Food Law News - EU - 2012

Commission Midday Express, 28 February 2012

CONTAMINANTS - Food safety: EU measures adopted after Japan's nuclear incident prolonged until the end of October 2012

At a meeting of the Standing Committee on the Food Chain and Animal Health (SCoFCAH), Member States endorsed yesterday a Commission proposal for the prolongation of the existing reinforced controls on imports of food and feed from certain regions of Japan.

The controls will apply until 31 October 2012 but will be reviewed regularly. The decision also reduces the frequency of the controls as the risk is now significantly lower.

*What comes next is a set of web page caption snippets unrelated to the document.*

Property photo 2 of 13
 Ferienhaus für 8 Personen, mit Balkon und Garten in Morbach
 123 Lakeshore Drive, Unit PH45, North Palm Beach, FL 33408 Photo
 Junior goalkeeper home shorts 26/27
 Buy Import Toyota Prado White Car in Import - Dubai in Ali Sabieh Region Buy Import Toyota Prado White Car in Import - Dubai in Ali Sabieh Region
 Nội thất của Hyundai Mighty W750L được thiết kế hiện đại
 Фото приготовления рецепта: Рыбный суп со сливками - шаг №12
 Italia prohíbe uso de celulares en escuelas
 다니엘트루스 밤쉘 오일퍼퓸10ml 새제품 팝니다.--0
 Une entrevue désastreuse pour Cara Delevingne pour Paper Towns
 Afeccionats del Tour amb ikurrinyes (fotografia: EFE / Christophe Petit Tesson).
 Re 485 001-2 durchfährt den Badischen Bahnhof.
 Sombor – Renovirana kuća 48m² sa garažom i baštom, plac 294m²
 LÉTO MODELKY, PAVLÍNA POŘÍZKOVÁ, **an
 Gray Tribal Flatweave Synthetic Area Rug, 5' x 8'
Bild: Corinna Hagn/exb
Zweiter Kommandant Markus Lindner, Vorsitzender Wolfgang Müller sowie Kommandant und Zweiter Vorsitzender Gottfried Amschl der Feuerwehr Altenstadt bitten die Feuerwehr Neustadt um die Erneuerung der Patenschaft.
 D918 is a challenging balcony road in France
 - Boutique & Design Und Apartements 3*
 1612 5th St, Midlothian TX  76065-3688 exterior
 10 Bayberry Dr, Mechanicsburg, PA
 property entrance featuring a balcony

The controls were originally adopted on 24 March 2011 and were different for the feed and food originating in or consigned from 11 prefectures (Fukushima, Gunma, Ibaraki, Tochigi, Miyagi, Shizuoka, Yamanashi, Saitama, Tokyo, Kanagawa and Chiba) of Japan and for products from the remaining 36 Japanese prefectures. All food and feed products coming from the 11 prefectures have had to be tested for the presence of caesium-134 and caesium-137 before leaving Japan. They also have been subject to a reinforced testing regime in the EU (i.e. physical checks, including laboratory analysis carried out on at least 10% of the consignments).

While feed and food products from the remaining 36 Japanese prefectures have had to be accompanied by a declaration stating the prefecture of origin and also tested upon arrival in the EU (at least 20 % of the consignments. The results of these checks carried by the competent authorities at import into the Union indicate that the control measures have been correctly and efficiently applied by the Japanese authorities. It is therefore appropriate to reduce the frequency of checks carried out on such consignments from 10% to 5 % and from 20 % to 10 % respectively.

The Commission underlines that for a series of reasons, food safety risks from the nuclear accident in Japan are considerably low in the EU. Nevertheless, the Commission remains vigilant and has been active in ensuring that food and feed entering the EU from Japan is safe.